What we do know is that the new speakers in Mercury are a significant improvement over the tinny sounding models in the current Pismo model and that they are being handmade so that there is enough on hand for launch. The two stereo speakers “got it goin’ on, but lack depth” according to one source, but what did you expect? It’s still a portable.

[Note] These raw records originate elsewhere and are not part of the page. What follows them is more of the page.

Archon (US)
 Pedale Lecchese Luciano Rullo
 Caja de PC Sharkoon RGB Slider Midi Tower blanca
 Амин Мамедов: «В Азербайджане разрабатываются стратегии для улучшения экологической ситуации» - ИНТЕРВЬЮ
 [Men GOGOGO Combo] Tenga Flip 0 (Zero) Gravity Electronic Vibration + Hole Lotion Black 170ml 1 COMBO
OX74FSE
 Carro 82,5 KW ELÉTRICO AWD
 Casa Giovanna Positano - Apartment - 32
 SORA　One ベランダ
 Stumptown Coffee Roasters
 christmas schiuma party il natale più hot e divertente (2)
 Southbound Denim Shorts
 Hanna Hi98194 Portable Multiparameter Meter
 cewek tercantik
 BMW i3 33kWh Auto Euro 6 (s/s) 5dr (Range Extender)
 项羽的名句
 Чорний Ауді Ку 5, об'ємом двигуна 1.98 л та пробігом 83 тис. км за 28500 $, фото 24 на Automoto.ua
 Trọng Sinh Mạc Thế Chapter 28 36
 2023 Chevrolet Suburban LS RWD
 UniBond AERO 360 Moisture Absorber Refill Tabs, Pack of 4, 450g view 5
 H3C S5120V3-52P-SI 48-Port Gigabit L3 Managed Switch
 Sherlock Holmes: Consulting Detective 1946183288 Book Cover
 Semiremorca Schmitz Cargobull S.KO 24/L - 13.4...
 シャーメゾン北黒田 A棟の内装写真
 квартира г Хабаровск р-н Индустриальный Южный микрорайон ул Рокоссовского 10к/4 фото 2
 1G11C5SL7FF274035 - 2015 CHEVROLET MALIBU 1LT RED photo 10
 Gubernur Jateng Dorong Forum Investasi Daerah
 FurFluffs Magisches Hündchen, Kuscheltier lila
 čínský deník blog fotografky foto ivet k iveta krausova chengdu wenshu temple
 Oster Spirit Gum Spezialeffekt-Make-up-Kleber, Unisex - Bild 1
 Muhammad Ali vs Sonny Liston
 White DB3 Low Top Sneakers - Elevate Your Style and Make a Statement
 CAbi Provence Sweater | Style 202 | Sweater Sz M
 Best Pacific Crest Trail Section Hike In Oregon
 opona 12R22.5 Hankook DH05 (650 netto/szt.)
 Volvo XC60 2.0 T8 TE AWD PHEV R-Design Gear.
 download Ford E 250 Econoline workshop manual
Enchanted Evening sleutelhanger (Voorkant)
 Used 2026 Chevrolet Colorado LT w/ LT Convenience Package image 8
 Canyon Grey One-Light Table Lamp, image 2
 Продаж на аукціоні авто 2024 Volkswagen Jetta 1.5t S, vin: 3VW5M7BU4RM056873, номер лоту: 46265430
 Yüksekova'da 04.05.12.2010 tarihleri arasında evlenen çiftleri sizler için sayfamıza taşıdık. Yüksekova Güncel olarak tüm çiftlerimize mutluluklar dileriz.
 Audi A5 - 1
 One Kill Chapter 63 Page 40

The big surprise with audio will be Apple’s removal of the eigth-inch (mini jack) audio input port present on almost every PowerBook – ala iBook. The company took a lot of heat for this omission when iBook was released but responded by saying that audio-in could always be done via USB. Apparantly it isn’t a matter of cost savings (how much could the little connector cost?) but rather an opportunity for third party developers to make more USB and FireWire products with a “Macintosh compatible” on the box.

One good thing: if you are like most users you use the audio output port (for headphones, speakers) on a daily basis whereas you probably use the audio input port (for audio capture, ViaVoice, etc.) far less. There was a point where Apple was toying with the idea of removing both the audio input AND output mini jacks, but they appear to have decided to keep the output port for Mercury.